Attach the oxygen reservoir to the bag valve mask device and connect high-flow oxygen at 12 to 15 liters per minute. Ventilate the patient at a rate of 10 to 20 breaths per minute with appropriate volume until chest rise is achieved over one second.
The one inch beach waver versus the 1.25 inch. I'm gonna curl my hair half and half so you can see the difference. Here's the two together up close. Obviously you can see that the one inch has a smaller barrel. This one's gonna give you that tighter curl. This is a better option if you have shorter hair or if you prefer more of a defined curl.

• • • • • • •

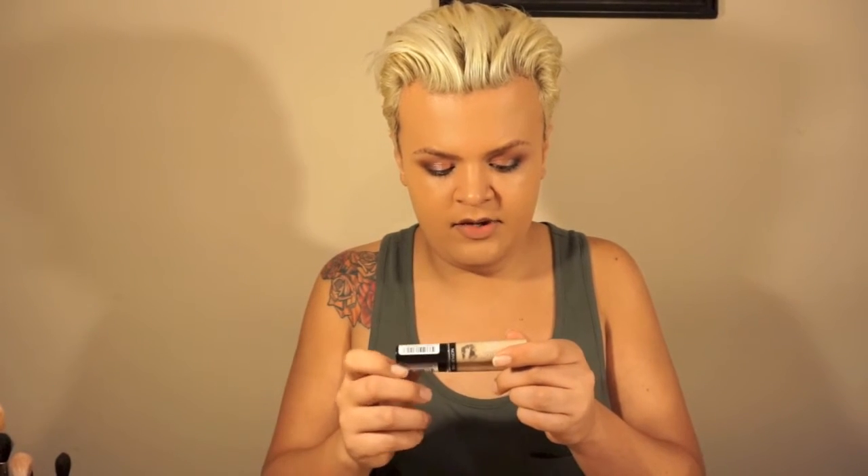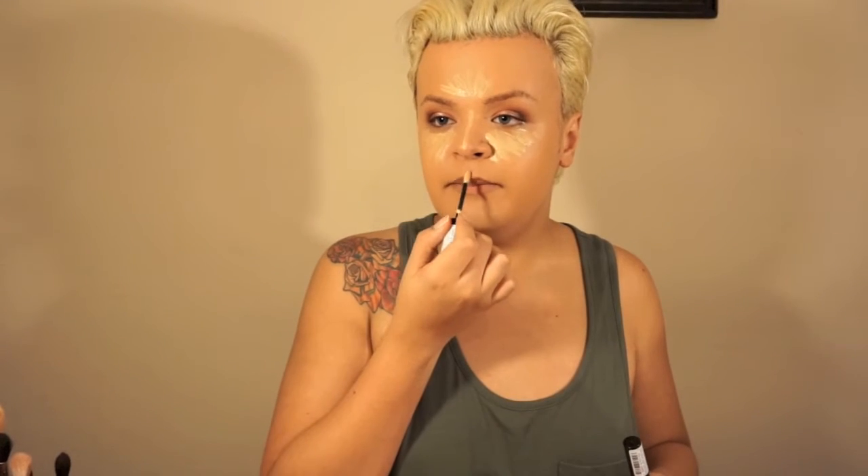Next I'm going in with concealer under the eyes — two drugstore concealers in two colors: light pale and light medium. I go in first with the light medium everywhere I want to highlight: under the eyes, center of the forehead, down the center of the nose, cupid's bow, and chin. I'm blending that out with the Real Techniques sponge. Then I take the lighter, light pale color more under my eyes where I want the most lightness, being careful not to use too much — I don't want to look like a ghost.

• • • • • • •

Activity » All that belongs in your answer is the stretch of entries above from the line with "Attach the oxygen" through the line with "The one inch beach", printed exactly.

Solution »
Attach the oxygen reservoir to the bag valve mask device and connect high-flow oxygen at 12 to 15 liters per minute. Ventilate the patient at a rate of 10 to 20 breaths per minute with appropriate volume until chest rise is achieved over one second.
The one inch beach waver versus the 1.25 inch. I'm gonna curl my hair half and half so you can see the difference. Here's the two together up close. Obviously you can see that the one inch has a smaller barrel. This one's gonna give you that tighter curl. This is a better option if you have shorter hair or if you prefer more of a defined curl.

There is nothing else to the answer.